**TASK REQUIREMENTS**
Please restate each line of the data below exactly. Omit all images.
━━━━━ DATASET SECTION ━━━━━
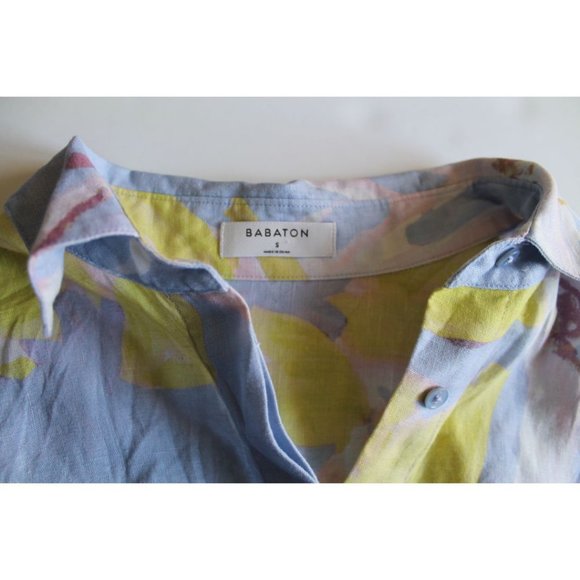 Babaton Tahoma Button-up Linen Shirt Glimmer Cool Yellow Size Small - Picture 6 of 9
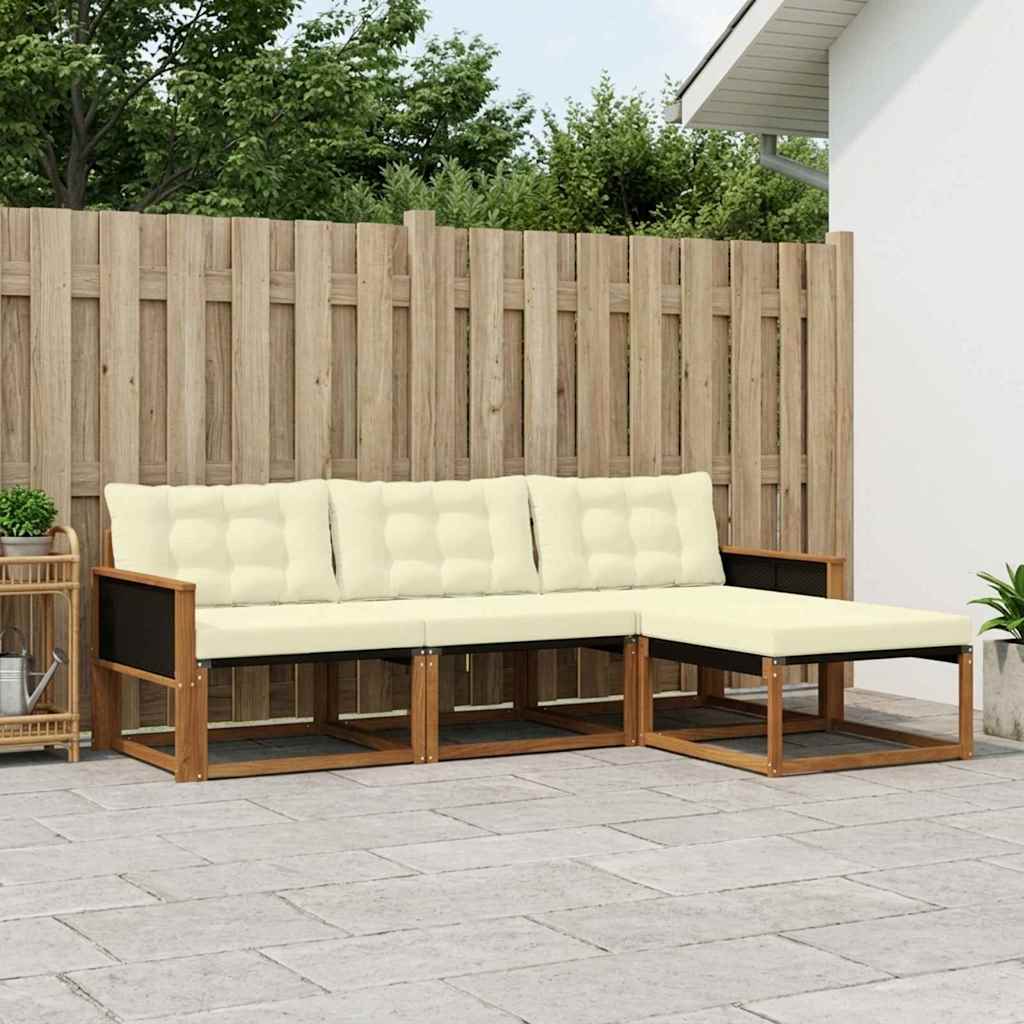 Outdoor-Sofagarnitur 4 stk. Natur und Creme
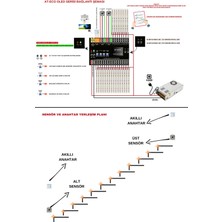 Ankara Teknik Akıllı Merdiven At-Eco OLED Serisi Akıllı Modül + 2 Adet Lazer Sensör (Profesyonel Lazer Sensör)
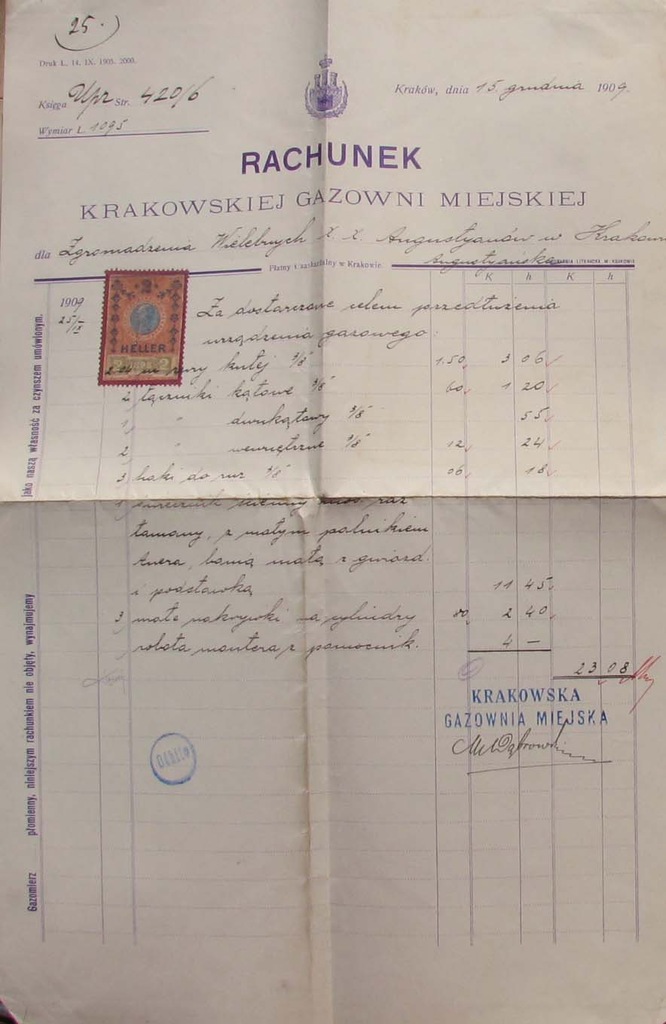 [ GAZ ] RACHUNEK GAZOWNI MIEJSKIEJ .1909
━━━━━
**REPLY**
 Babaton Tahoma Button-up Linen Shirt Glimmer Cool Yellow Size Small - Picture 6 of 9
 Outdoor-Sofagarnitur 4 stk. Natur und Creme
 Ankara Teknik Akıllı Merdiven At-Eco OLED Serisi Akıllı Modül + 2 Adet Lazer Sensör (Profesyonel Lazer Sensör)
 [ GAZ ] RACHUNEK GAZOWNI MIEJSKIEJ .1909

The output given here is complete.